FISH is the Government of Liberia’s first initiative to provide fecal sludge management services to unsewered poor areas of Liberia since the end of the civil war in 2003. This activity enhances capacity for sustainable city-wide fecal sludge management through a community-driven approach. It is doing so by improving the toilet facilities of households, by rehabilitating the sewerage system, by implementing communal toilet facilities for dense settlements and by providing public toilet facilities in marketplaces.
In her introduction, Kelly Rigg, Chair of the Momentum for Change Advisory Panel at the United Nations Framework Convention on Climate Change (UNFCCC), highlighted how the selected projects provided a guiding light “on the transformational societal shift underway to address climate change.” These activities, she said, demonstrate the potential to replicate and scale-up action in communities around the world.
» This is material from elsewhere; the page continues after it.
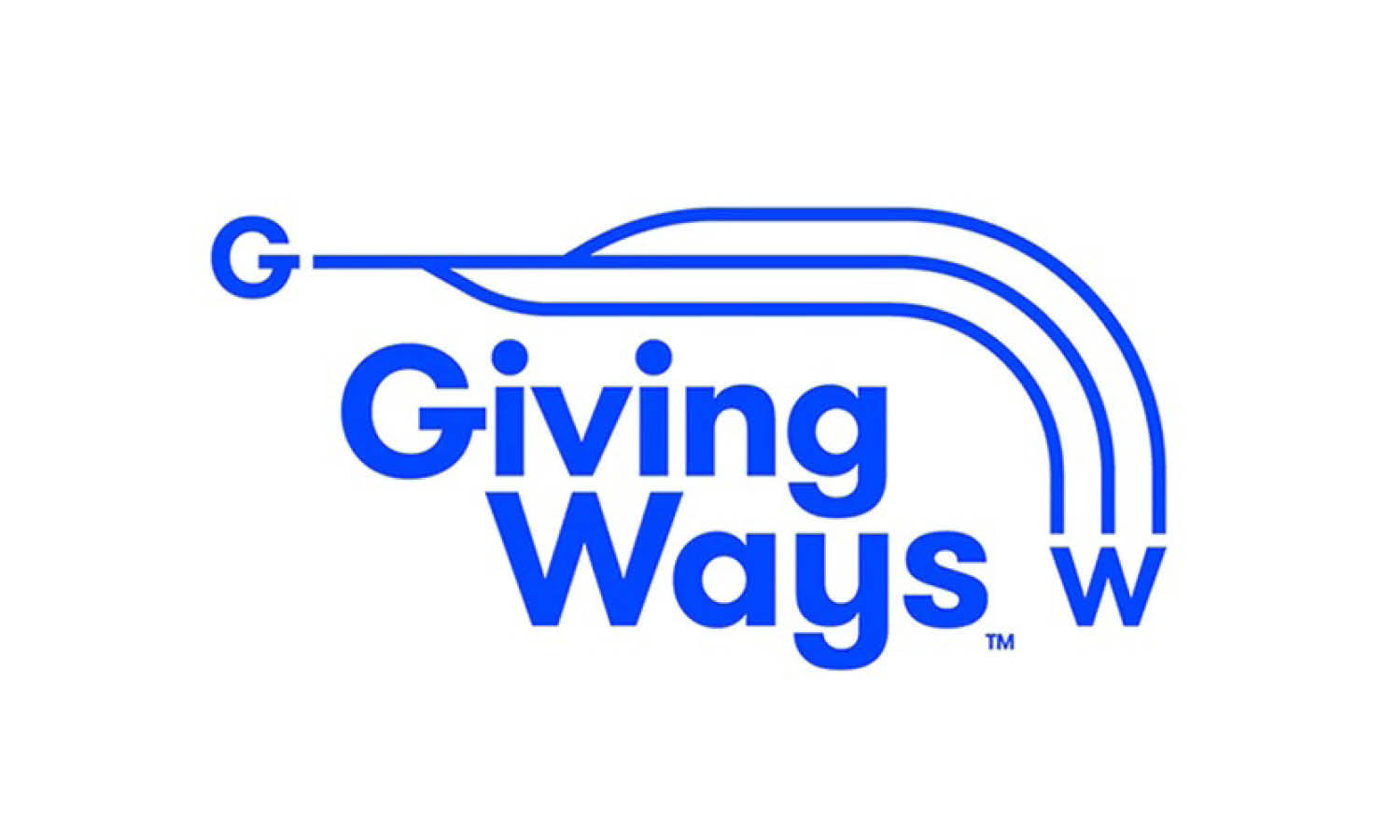 30 Best Non-Profit Organisation Logo Design Ideas You Should Check - Kreafolk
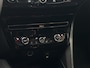 Opel Mokka 1.2 Turbo Hybrid GS Dode hoek waarschuwing/Key less/IntelliLux LED Matrix-verlichting.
The Monrovia City Corporation of the Government of Liberia received a 1.2 million euro grant from the African Water Facility, a special fund hosted by the African Development Bank, to finance the FISH Project.
For Ellen Pratt, Project Manager of FISH, this recognition provides an extra push, for an idea that is now becoming more and more established and relevant for the human development dimension of Monrovia’s emergence from conflict. “It provides relevance to something we thought was a good idea and it provides strong evidence that we are heading in the right direction,” said the project manager.
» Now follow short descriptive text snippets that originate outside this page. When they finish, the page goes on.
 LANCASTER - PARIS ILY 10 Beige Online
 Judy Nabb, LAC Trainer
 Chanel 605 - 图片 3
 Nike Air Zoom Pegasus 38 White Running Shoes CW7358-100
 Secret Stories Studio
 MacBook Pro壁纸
The 2013 Lighthouse Activities were selected by a 16-member, international advisory panel as part of the secretariat’s Momentum for Change initiative, which is funded by the Bill and Melinda Gates Foundation and the Rockefeller Foundation, and operates in partnership with the World Economic Forum.
The next step would be to scale up the project, said Pratt. “There are 14 other urban county capitals that are in urgent need of such initiatives, hence the need to replicate the activities nationwide.” According to Pratt, less than five per cent of the country has adequate sewage systems and fecal sludge is not being treated. More human and financial capital would be needed for further expansion.